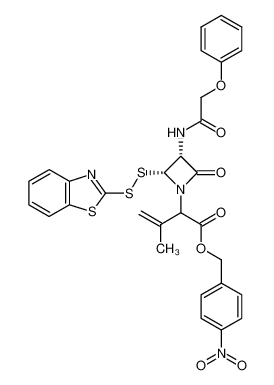 57561-85-0 structure, C30H26N4O7S3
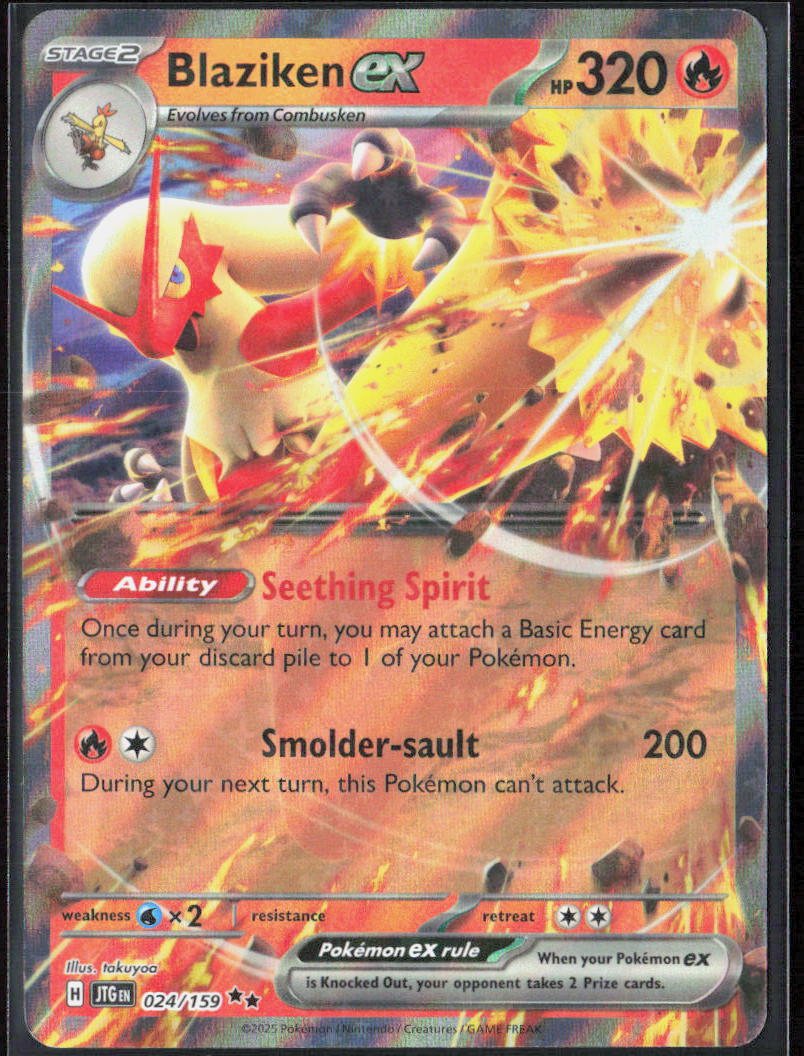 Blaziken ex Holo 024/159 SV09: Journey Together NM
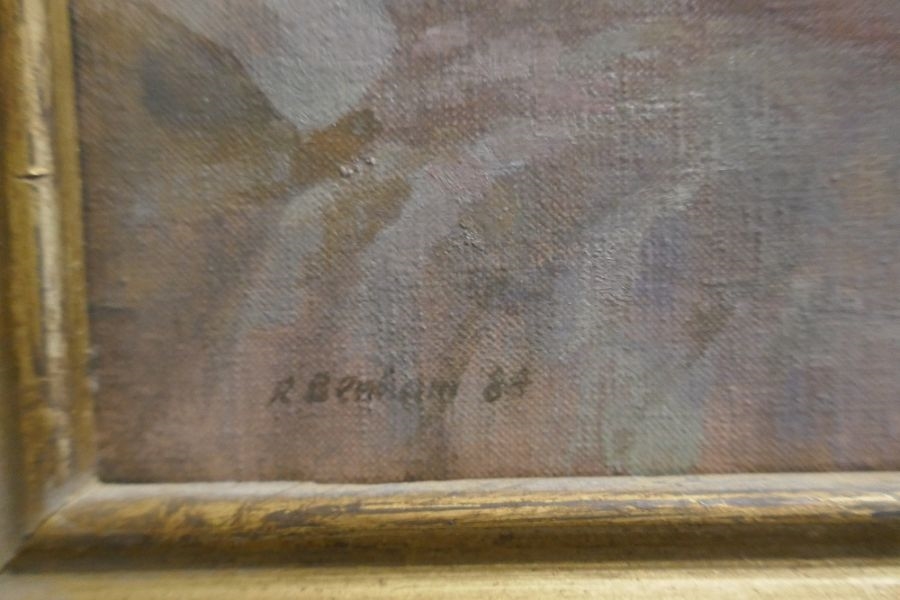 Ronald Benham | Ronald Benham; a late 20th century oil painting of ...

══════════════════════════════

■ **Work instructions**
Set down every line above exactly, pictures excluded.

■ **Expected output**
 57561-85-0 structure, C30H26N4O7S3
 Blaziken ex Holo 024/159 SV09: Journey Together NM
 Ronald Benham | Ronald Benham; a late 20th century oil painting of ...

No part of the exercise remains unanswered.